Bytes [2:0] of the byte address are used as the offset from the first byte of the first read row. The value starts at byte offset and ends after length bytes. In this example, the offset is equal to 6, and the length is equal to 6. Hence, the value is from bytes 6 to 11 of the read rows. The filtering module extracts the value from the read rows and writes it into parallel output buffers. Note that decoding fixed-length data types is a special case of variable-length decoding where the output bit width of all values is the same. Therefore, NASCENT2 parallelizes the operations and decodes multiple input keys per cycle.

4 Experimental Results

4.1 Experimental Setup

We implement the dictionary decoder, sort, and shuffle kernels on the FPGA available on SmartSSD to evaluate the efficiency of NASCENT2. Each SmartSSD consists of a 4-TB SSD directly connected to a Kintex UltraScale+ FPGA, XCKU15P, through a PCIe Gen3 x4 bus. Table 1 summarizes the available resources of SmartSSD. In this table, D2FPGA BW stands for DRAM-to-FPGA bandwidth, and S2FPGA BW indicates the SSD-to-FPGA bandwidth (the bandwidths are also shown in Figure 2). The table also shows the resource utilization of each kernel. NASCENT2 kernels are written in C++ and optimized to deliver high performance. The kernels are synthesized using the Vivado High-Level Synthesis (HLS) tool and integrated with the host code using Xilinx Vitis Accel 2019.2. The host code is written in OpenCL, which is responsible for initiating the kernels and passing the tables’ location in the storage. The SmartSSD FPGA has a P2P communication with the SSD, and all communications between the storage and the FPGA will happen internally without involving the host. To measure the performance of the entire database sort and also individual kernels, we used OpenCL event profiling. We report end-to-end execution times, including the P2P communication between the FPGA and the SSD in the SmartSSD to transfer the data, and the computation time, unless otherwise stated. To evaluate the energy efficiency of NASCENT2, we measure the power consumption of the FPGA, including its off-chip DRAM, without including the power of SSD since we use the same SSD for all deployments.

Table 1.

SmartSSD Resources	522K	984	128	1959	4 GB	19 GB/s	3 GB/s	4 TB
	LUT	BRAM	URAM	DSP	DRAM	D2FPGA BW	S2FPGA BW	Storage
Sort	39%	74%	0%	1%	–
Dictionary decoder	1%	0%	85%	0%	–
Shuffle (6 kernels)	3%	2%	0%	1%	–
Platform	32%	14%	0%	0%	–
NASCENT2	75%	90%	85%	2%	–

Table 1. Characteristics of SmartSSD Resources and the Breakdown of NASCENT2 Kernels’ Resource Utilization

4.2 Kernel Evaluation

In this section, we compare NASCENT2 with the CPU-based sort baseline to specifically examine the performance of NASCENT2’s sort kernel architecture. For the baseline CPU sort, we use the quicksort implementation developed in the C++ standard library (std::qsort()), which is generally considered as one of the fastest single-threaded sort algorithms. We next compare NASCENT2’s performance against the multi-threaded block sort from the Boost library (boost::sort::block_indirect_sort()) [65]. We also developed a multi-threaded implementation of the shuffle and dictionary decoding using the pthread library. The software implementations run on the Intel Core i7-8700 processor (12 threads) with a clock frequency of up to 4.6 GHz.

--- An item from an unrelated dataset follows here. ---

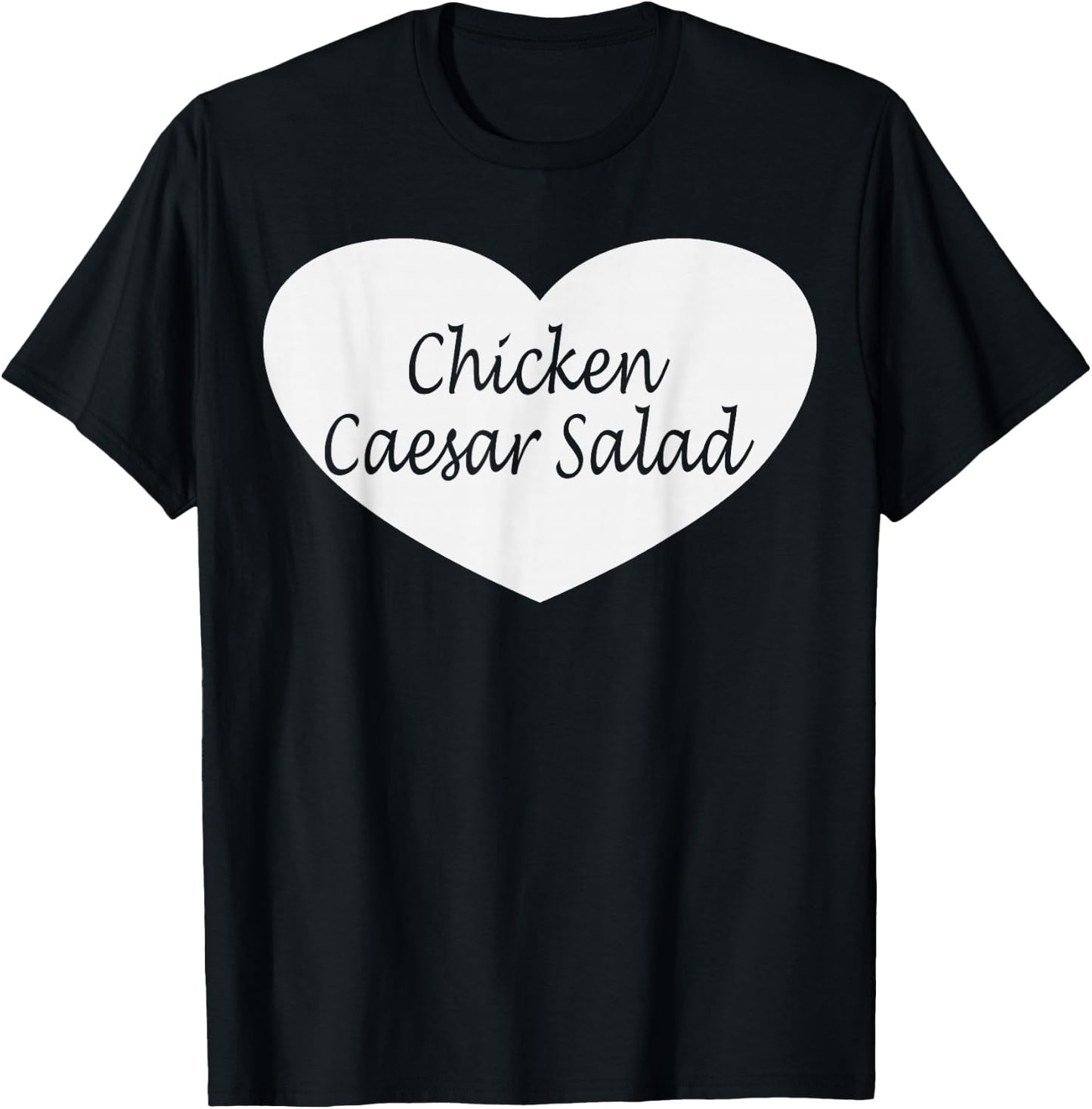 Chicken Caesar Salad Apparel | Funny Chicken Lovers Design T-Shirt - T-Shirt | Black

Table 1 shows the resource utilization of each kernel. As explained in Section 3.2, NASCENT2 utilizes a single dictionary decoder and six independent shuffle kernels to saturate the storage-to-FPGA bandwidth. It dedicates the rest of the resources to the sort kernel. Both sort and dictionary decoder kernels utilize FPGA on-chip memories. The sort kernel uses FPGA BRAMs while the dictionary decoder kernel stores the dictionary tables in FPGA URAMs to balance the resource utilization. The Platform row shows the resources used to implement the AXI interfaces and streaming buffers used by NASCENT2 kernels. As illustrated in the table, FPGA on-chip memory is a limiting resource. The performance of the dictionary decoder and shuffle kernels is limited by the storage-to-host bandwidth. Thus, having an FPGA with a larger on-chip memory only increases the performance of the sort kernel, whereas using a more advanced interface between the FPGA and the SSD can increase the performance of both shuffle and dictionary decoder kernels.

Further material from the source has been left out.